Pecah Rekor, Utang Baru Pemerintah Capai Rp 421 T di Semester I 2020

28

Kementerian Keuangan (Kemenkeu) melaporkan pengeluaran keuangan pemerintah selama semester I 2020 mencapai Rp 421,5 triliun. Angka ini naik lebih dari dua kali lipat lipat dibandingkan periode sama tahun lalu yang hanya Rp 181,2 triliun.

Berdasarkan laporan semester I APBN 2020, pinjaman baru tersebut terdiri dari Surat Berharga Negara (SBN) sebesar Rp 430,4 triliun (neto) dan pinjaman minus Rp 8,9 triliun (neto).
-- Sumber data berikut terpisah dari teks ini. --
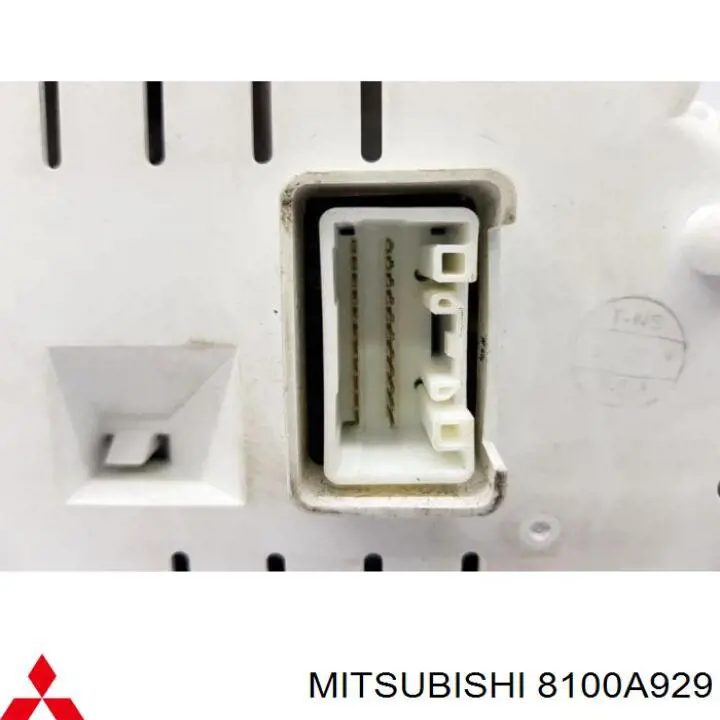 8100A929 Mitsubishi Щиток приладів додатковий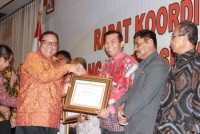 Pemko Pekanbaru menerima Piagam Penghargaan dari Menteri Koperasi UKM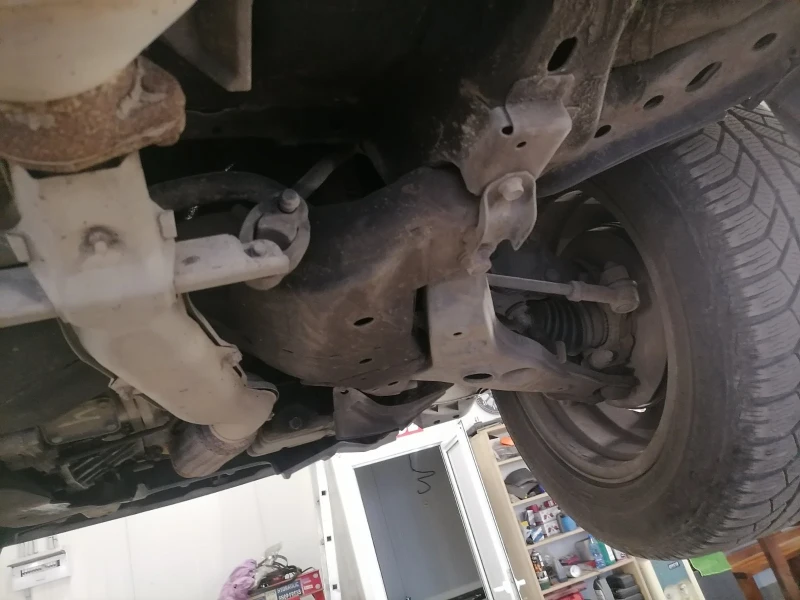 Mitsubishi Outlander 4x4 Бензин + Газ, снимка 12 - Автомобили и джипове - 52082641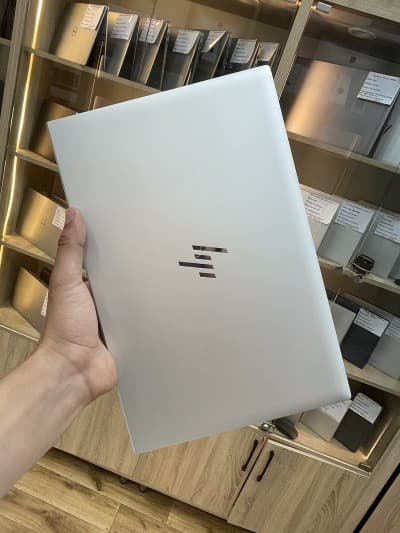 Hp elitebook 830 G7 i5-10310U 8gb 256ssd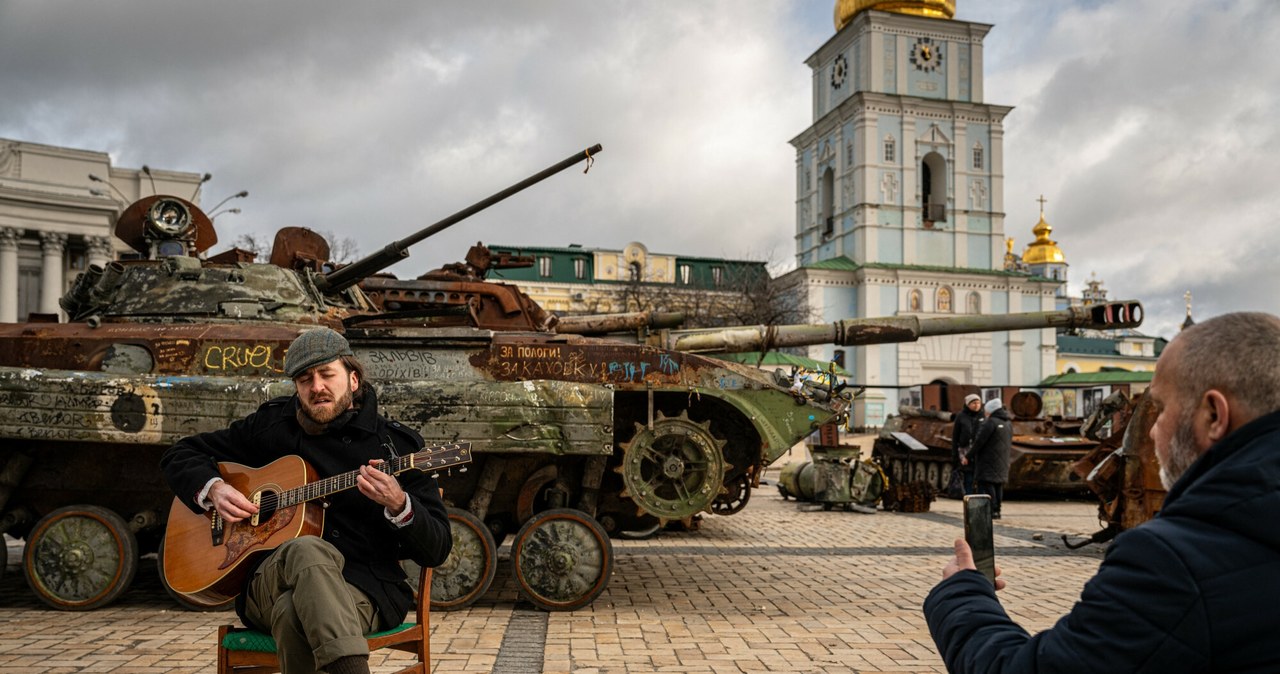 Wyczerpana wojną i przerażona perspektywami, Ukraina nie złoży broni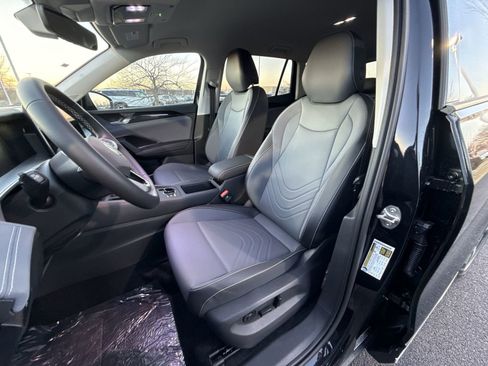 New 2026 Volkswagen Tiguan SE image 12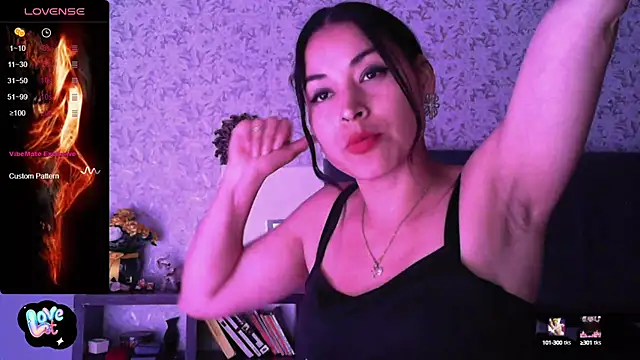 Snapshot of Sweet-Angie chatting on January 31, 12:06 am Sweet-Angie online show from January 31, 12:06 am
Tingginya anggaran belanja hingga akhir Juni 2020 ini diperlukan dengan langkah luar biasa pemerintah dan pelebaran defisit anggaran menjadi 6,34 persen terhadap Produk Domestik Bruto (PDB) akibat pandemi virus corona.

“Pelebaran defisit merupakan bagian dari pelaksanaan kebijakan countercyclical di mana kompilasi defisit ekonomi, pemerintah perlu langkah dalam memberikan stimulus untuk perbaikan ekonomi,” tulis bahan laporan semester I APBN 2020 seperti dikutip kumparan, Jumat (10/7).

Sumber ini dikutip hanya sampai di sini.